For the cashew cheese
1 cup of raw cashews
3 teaspoons of nutritional yeast
½ teaspoon of garlic powder
1 teaspoon of onion powder
3/4 teaspoon of salt
¼ teaspoon of turmeric
4 tablespoons of water
2 tablespoons of fresh lemon juice
12 fresh jalapeños
For the crumbing
¼ cup of gluten free bread crumbs
3 tablespoons of nutritional yeast
¼ cup of almond milk (or a plant based milk of your choice)
For the dipping sauce
1/3 cup of raw cashews
½ teaspoon of salt
1 teaspoon of smoked paprika
5 tablespoons of water
Soak the 1 cup of cashews and the ¼ cup of cashews over night, in separate containers with enough water to cover them. Once soaked, drain the water from the 1 cup of cashews and discard the water.
Preheat your oven to 200c and make the cashew cheese by placing all the popper ingredients (except the jalapeños), into a blender and blending for 5 minutes. Make sure you scrape any lumps from the side of the blender and add them to your mixture so that they blend nicely too. Once the cashew cheese is smooth, set it aside.
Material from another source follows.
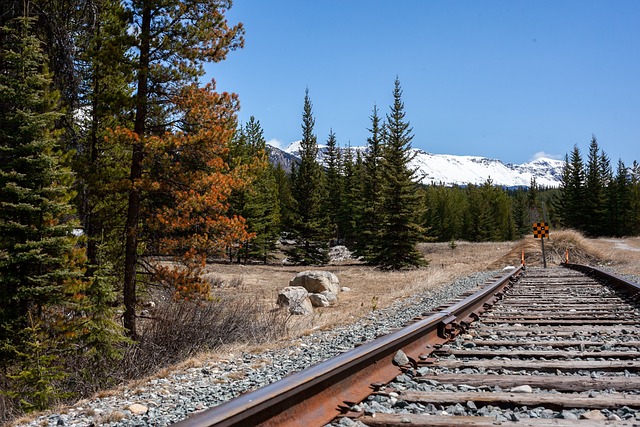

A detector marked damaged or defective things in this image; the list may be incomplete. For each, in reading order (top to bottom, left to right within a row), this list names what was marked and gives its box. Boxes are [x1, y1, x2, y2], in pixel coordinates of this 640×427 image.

rusty railroad track [172, 264, 640, 427]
Slice each jalapeño in half. Remove and discard the seeds. Put a generous teaspoon of the cashew cheese mixture into each jalapeño half and set aside.
To make the crumbing mixture, combine the bread crumbs and nutritional yeast and place them onto a plate. Pour the milk into a small shallow bowl. Carefully dip the stuffed poppers into the almond milk. Place them onto the breadcrumb plate and cover them generously with crumbs. Shake off any excess crumbs. Repeat until each popper is well covered. The bottom half will only have a thin layer of breadcrumbs, but the cheese stuffed top will have a nice thick layer. Place the poppers onto a dry baking tray and into the oven. Cook for 15 minutes until the jalapeños have softened and the bread crumbs have browned.
While the poppers are cooking, make the sauce. Drain the remaining 1/3 cup of cashews and discard the water. Blend the cashews with the rest of the sauce ingredients, for 5 minutes until smooth. Place the sauce into a serving dish.
Once the poppers are cooked, place them onto a platter, with the sauce and serve immediately.
Yields: Makes 24 poppers.
Time: 30 minutes to prepare and 15 minutes to cook. Plus the soaking time for the cashews.